WHAT THE EXERCISE ASKS
Each line of data below must be printed exactly as written, with any pictures removed.

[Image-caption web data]
= = = = = = =
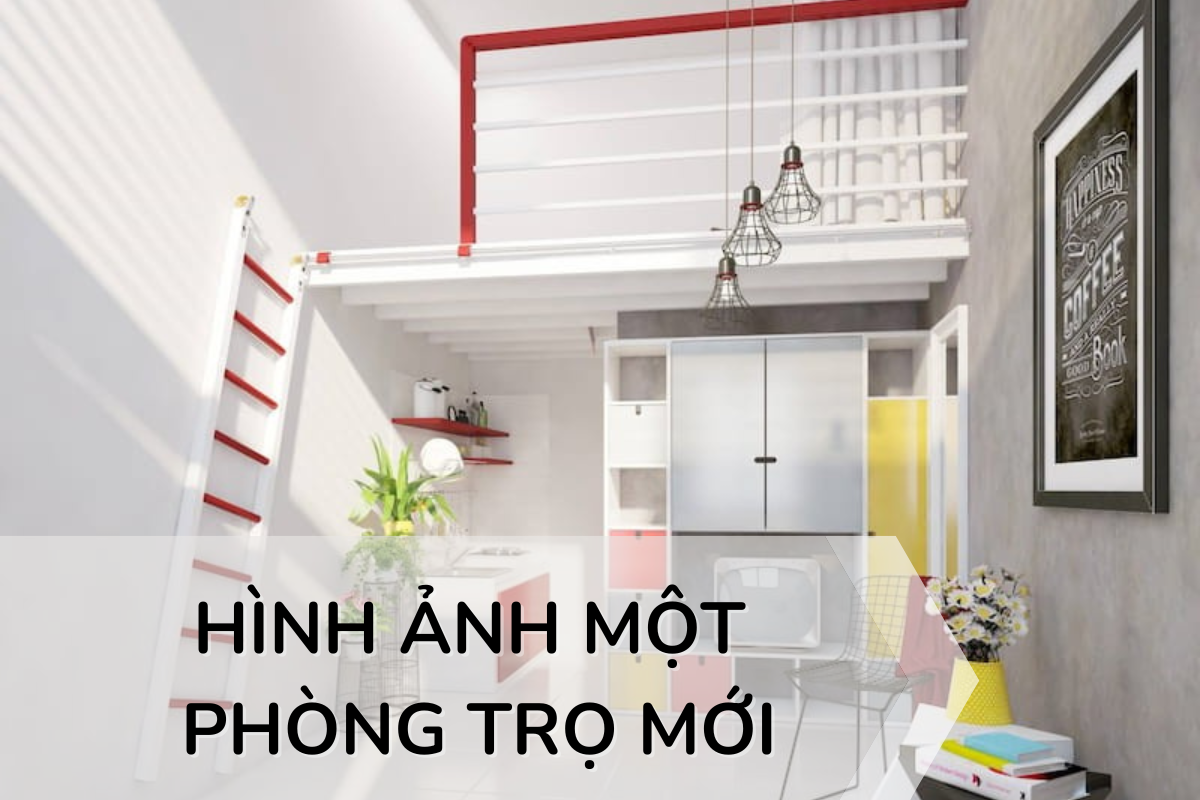 Giá thuê trọ tại TP.HCM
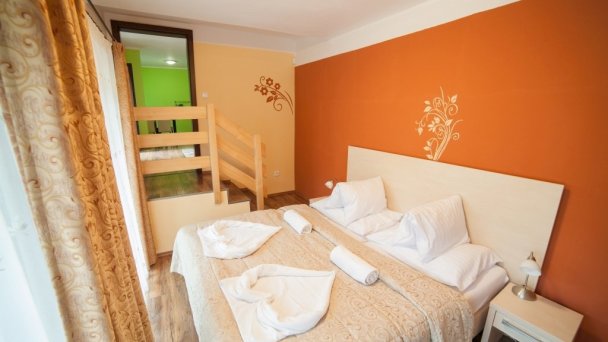 Apartmány Hrabovo - Vila Helena Ružomberok 78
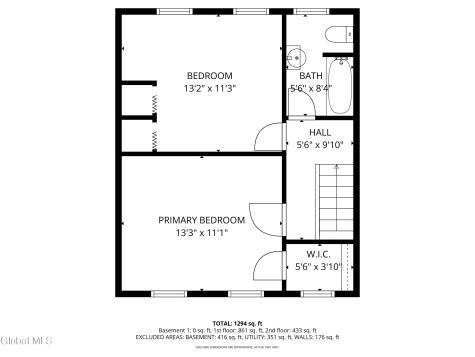 683 Park Avenue Albany NY 12208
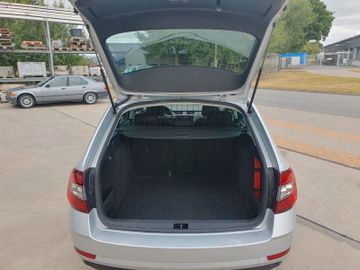 Skoda Octavia - 8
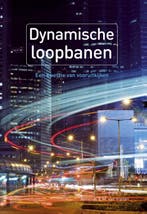 Dynamische loopbanen 9789023251309 Annelies E.M. van Vianen, Verzenden, Gelezen, Annelies E.M. van Vianen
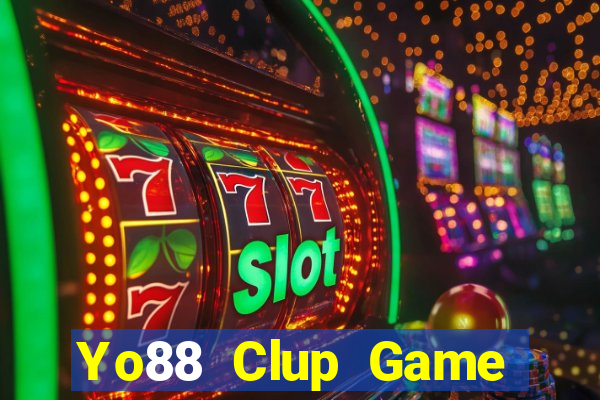 Yo88 Clup Game Bài Ku.Fun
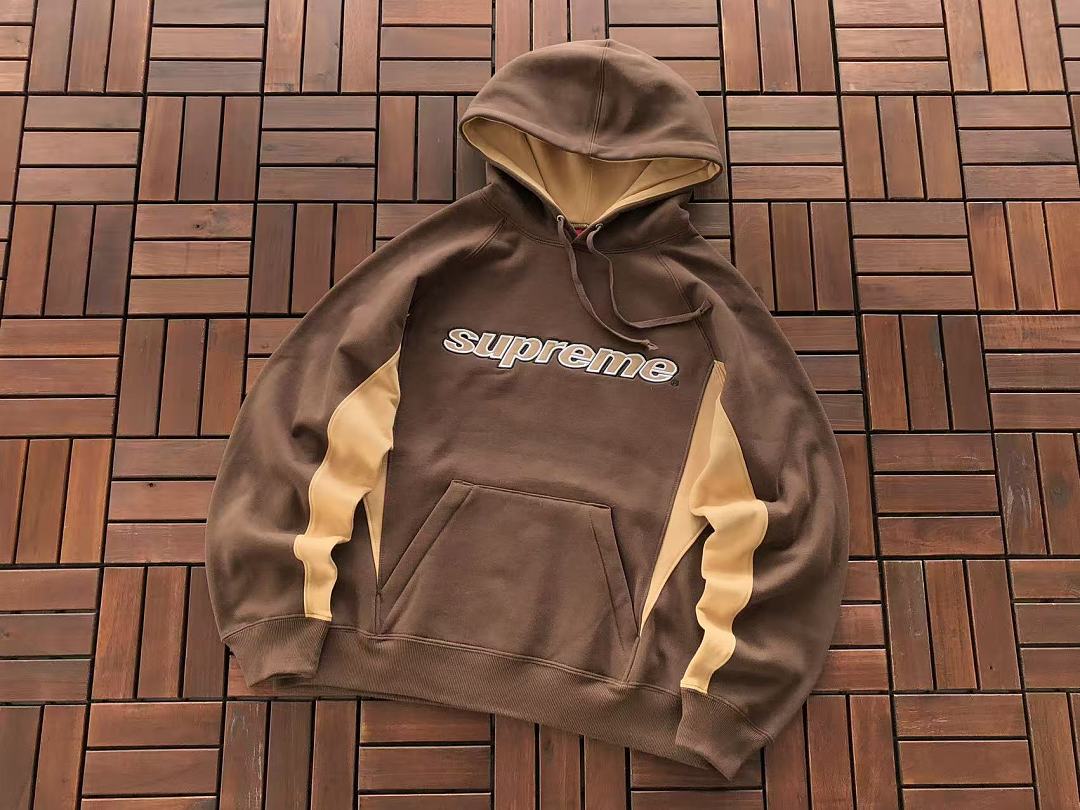 TOP￥~256 PANTS￥~219 S🔥P🔥E🔥E HOODIE TROUSERS FLEECE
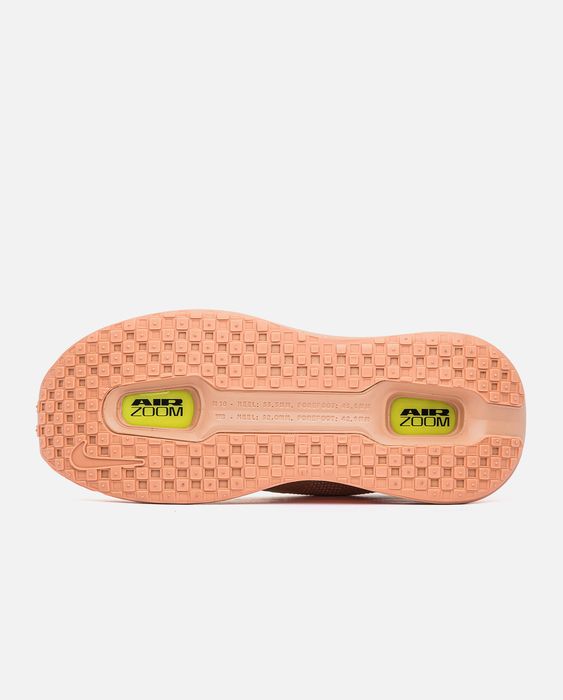 НАЛОЖКА‼️41-45 Nike Vomero Premium Milk Total Orange Air Dawn Dn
= = = = = = =
RESPONSE FOR THIS EXERCISE
 Giá thuê trọ tại TP.HCM
 Apartmány Hrabovo - Vila Helena Ružomberok 78
 683 Park Avenue Albany NY 12208
 Skoda Octavia - 8
 Dynamische loopbanen 9789023251309 Annelies E.M. van Vianen, Verzenden, Gelezen, Annelies E.M. van Vianen
 Yo88 Clup Game Bài Ku.Fun
 TOP￥~256 PANTS￥~219 S🔥P🔥E🔥E HOODIE TROUSERS FLEECE
 НАЛОЖКА‼️41-45 Nike Vomero Premium Milk Total Orange Air Dawn Dn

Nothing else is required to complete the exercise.